■ AIM OF THE TASK: In the listing, find every line that has the string "Women" and copy it.

■ INPUT:

------------------------------------------------

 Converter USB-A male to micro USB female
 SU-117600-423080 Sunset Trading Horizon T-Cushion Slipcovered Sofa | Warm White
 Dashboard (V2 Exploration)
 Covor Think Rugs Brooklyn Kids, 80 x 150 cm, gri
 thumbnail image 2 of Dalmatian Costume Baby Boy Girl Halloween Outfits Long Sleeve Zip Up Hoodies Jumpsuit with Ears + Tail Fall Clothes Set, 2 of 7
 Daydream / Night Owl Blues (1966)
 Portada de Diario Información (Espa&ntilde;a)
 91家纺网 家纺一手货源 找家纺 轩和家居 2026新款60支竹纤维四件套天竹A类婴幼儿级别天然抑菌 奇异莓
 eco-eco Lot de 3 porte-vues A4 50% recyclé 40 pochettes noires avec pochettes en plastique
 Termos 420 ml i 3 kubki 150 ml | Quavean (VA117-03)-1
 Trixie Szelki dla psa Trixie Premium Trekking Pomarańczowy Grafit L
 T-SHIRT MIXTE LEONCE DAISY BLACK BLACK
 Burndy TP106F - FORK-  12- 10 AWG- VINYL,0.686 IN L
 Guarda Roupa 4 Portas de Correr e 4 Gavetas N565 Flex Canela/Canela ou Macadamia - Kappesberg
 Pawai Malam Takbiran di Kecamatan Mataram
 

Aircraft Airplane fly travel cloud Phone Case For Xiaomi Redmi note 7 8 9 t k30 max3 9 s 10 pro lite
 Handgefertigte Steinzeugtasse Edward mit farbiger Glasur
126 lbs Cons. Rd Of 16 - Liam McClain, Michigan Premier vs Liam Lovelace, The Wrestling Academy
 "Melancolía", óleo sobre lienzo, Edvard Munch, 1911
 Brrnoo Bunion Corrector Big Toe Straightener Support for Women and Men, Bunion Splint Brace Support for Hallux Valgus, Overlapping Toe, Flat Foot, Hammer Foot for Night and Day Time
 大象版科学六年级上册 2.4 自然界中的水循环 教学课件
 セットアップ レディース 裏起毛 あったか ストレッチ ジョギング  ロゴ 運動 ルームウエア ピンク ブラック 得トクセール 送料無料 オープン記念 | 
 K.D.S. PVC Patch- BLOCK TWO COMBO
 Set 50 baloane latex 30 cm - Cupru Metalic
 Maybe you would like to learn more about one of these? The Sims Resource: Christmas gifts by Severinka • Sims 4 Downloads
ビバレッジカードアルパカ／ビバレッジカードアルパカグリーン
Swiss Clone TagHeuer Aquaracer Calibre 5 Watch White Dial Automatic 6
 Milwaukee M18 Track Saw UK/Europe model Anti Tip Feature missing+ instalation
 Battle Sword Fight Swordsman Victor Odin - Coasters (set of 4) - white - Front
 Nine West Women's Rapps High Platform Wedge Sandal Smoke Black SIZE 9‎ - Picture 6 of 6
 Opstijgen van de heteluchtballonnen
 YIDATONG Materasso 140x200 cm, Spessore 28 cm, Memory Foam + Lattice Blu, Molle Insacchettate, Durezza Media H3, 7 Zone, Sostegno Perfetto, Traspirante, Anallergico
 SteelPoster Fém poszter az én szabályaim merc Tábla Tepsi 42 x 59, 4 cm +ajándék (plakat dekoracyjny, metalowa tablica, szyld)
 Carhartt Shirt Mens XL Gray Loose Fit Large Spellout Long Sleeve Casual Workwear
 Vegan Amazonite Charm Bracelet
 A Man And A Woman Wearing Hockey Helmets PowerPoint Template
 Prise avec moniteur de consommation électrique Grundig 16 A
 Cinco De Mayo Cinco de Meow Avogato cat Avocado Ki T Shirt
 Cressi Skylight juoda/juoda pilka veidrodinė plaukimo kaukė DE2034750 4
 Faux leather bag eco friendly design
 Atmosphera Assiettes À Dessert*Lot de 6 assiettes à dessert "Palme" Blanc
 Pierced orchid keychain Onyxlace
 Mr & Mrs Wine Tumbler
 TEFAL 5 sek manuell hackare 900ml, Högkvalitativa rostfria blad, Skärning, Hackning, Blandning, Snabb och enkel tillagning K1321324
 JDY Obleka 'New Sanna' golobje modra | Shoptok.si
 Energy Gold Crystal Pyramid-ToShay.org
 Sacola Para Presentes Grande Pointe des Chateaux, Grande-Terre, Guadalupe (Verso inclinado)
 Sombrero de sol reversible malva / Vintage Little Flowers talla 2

------------------------------------------------

■ ANSWER SECTION:
 Brrnoo Bunion Corrector Big Toe Straightener Support for Women and Men, Bunion Splint Brace Support for Hallux Valgus, Overlapping Toe, Flat Foot, Hammer Foot for Night and Day Time
 Nine West Women's Rapps High Platform Wedge Sandal Smoke Black SIZE 9‎ - Picture 6 of 6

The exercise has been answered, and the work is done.